The Value of Snow Measurements in Scheduling of Hydropower Plants
Abstract
The main goal of the thesis is to study the value of snow measurements in the scheduling of hydropower plants. This is done by implementing an approximative Least-Square Monte Carlo(LSMC) method to calculate the scheduling. The optimization algorithm uses dynamic programming to find the optimal strategy. The spot price is deterministic, while the inflows are stochastic. Snow measurements are then included in the model, to calculate the Value of Information. Realistic data from a large-size Norwegian power plant is used to fit a normal distribution to simulate different inflow scenarios used in the model. The correlation between the snow measurements and the inflows are also studied to see how different snow levels influence the inflows in the flood period.

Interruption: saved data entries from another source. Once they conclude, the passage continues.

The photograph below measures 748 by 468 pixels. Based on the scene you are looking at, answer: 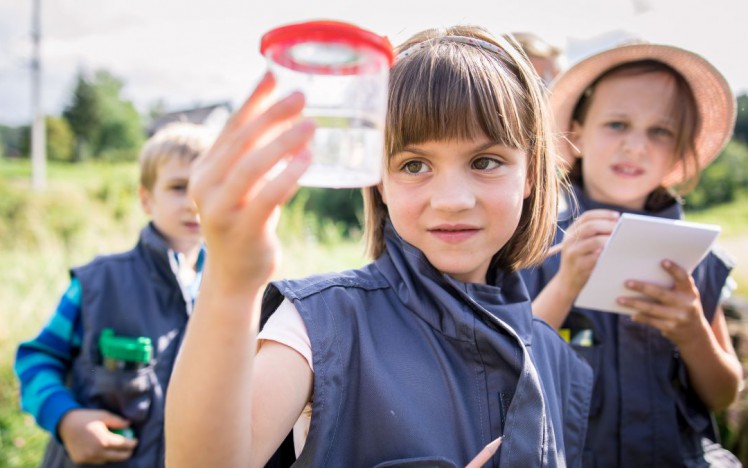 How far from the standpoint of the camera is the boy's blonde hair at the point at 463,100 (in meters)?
1.44

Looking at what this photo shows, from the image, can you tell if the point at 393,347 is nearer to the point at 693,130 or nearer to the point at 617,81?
the point at 617,81

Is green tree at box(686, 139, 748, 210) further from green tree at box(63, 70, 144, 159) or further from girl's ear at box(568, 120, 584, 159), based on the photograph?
green tree at box(63, 70, 144, 159)

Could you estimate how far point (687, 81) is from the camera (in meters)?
2.52

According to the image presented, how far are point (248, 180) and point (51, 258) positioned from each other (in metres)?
7.88

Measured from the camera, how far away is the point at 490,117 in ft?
4.79

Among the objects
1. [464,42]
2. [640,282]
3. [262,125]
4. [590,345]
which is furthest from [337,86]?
[590,345]

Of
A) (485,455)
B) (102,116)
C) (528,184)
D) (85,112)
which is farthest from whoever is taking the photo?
(102,116)

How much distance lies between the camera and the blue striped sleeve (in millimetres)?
2416

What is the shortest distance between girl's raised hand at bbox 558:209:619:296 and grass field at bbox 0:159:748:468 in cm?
81

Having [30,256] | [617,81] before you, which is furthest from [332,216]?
[617,81]

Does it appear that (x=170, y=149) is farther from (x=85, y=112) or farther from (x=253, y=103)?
(x=85, y=112)

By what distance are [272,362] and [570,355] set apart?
3.43 feet

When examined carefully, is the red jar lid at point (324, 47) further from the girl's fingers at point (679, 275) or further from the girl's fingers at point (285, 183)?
the girl's fingers at point (679, 275)

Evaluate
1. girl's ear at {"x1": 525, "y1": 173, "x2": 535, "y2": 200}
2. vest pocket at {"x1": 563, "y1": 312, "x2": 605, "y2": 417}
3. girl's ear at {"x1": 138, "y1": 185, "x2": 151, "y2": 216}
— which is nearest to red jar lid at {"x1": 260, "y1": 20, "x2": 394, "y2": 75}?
girl's ear at {"x1": 525, "y1": 173, "x2": 535, "y2": 200} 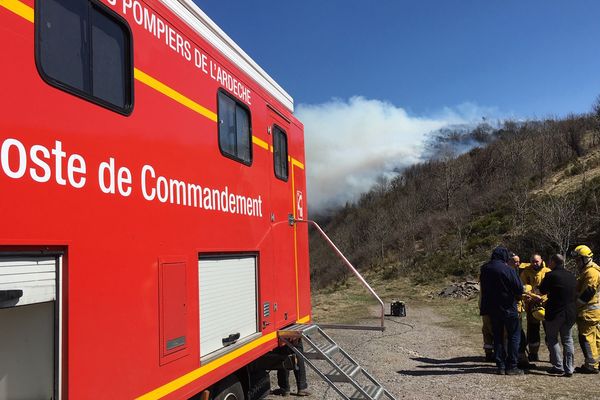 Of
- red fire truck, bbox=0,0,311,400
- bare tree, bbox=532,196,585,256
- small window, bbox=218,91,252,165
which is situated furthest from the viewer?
bare tree, bbox=532,196,585,256

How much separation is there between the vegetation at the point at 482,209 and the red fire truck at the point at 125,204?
68.8 feet

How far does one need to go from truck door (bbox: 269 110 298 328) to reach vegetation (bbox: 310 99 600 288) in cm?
1931

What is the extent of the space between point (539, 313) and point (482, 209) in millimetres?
28287

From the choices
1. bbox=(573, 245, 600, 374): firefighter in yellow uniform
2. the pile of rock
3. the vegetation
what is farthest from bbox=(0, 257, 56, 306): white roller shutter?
the vegetation

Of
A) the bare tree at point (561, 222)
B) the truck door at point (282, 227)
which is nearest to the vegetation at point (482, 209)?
the bare tree at point (561, 222)

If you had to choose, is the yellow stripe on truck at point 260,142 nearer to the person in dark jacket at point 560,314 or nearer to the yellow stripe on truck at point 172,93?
the yellow stripe on truck at point 172,93

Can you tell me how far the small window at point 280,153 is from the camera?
5.44 m

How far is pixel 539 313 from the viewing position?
766 cm

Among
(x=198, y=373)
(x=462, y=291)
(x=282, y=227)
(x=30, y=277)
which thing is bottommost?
(x=462, y=291)

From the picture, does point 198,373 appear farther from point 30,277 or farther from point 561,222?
point 561,222

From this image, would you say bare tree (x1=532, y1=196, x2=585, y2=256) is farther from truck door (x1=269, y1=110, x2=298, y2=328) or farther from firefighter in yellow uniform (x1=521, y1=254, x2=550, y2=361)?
truck door (x1=269, y1=110, x2=298, y2=328)

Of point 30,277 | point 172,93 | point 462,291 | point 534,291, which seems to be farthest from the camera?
point 462,291

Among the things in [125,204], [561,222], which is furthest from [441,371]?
[561,222]

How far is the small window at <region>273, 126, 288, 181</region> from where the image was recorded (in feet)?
17.9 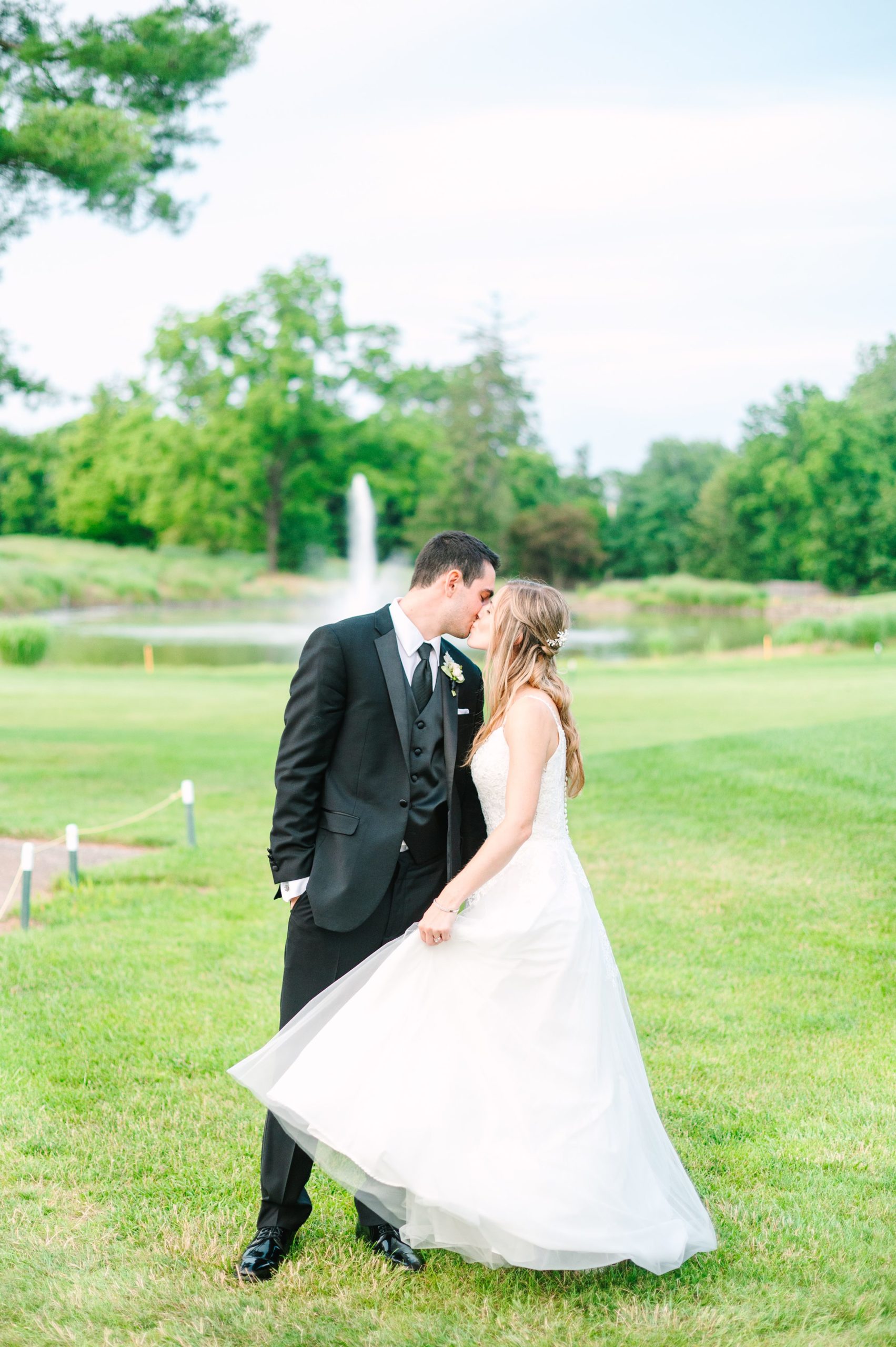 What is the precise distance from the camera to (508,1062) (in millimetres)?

The analysis of the data showed that the maximum amount of snow and the total inflow in the flood period, week 16-32, is highest correlated with a correlation coefficient equal 0.85. The numerical testing of the LSMC-method showed that the spot price and the ratio between the total inflow and the upper reservoir limit have the biggest impact on the optimal strategy. The value of the snow measurements vary for different parameters in the model. When the reservoir is big compared to the total inflow, the snow has no value. When the reservoir is smaller, the probability for overflow is bigger and the snow measurements are valuable. The increase in value by using the snow measurements variates between 0 and 10 %. The annual production in Norway is 130 TWh, worth more than 4 billions NOK. This means that even a small improvement results in a big revenue.
If 40 % of the snow measurements are uncertain and in average 10% higher or lower than the real snow reservoir, the value of the measurement decreases with 25%. The value was also calculated for different correlation coefficients 0.55 and 0.25, and the value of the measurements decreased with 24 and 60%. This shows that even though there are some uncertainty in the measurements, the additional information is very valuable if the reservoir is small compared to the total inflow in the flood period.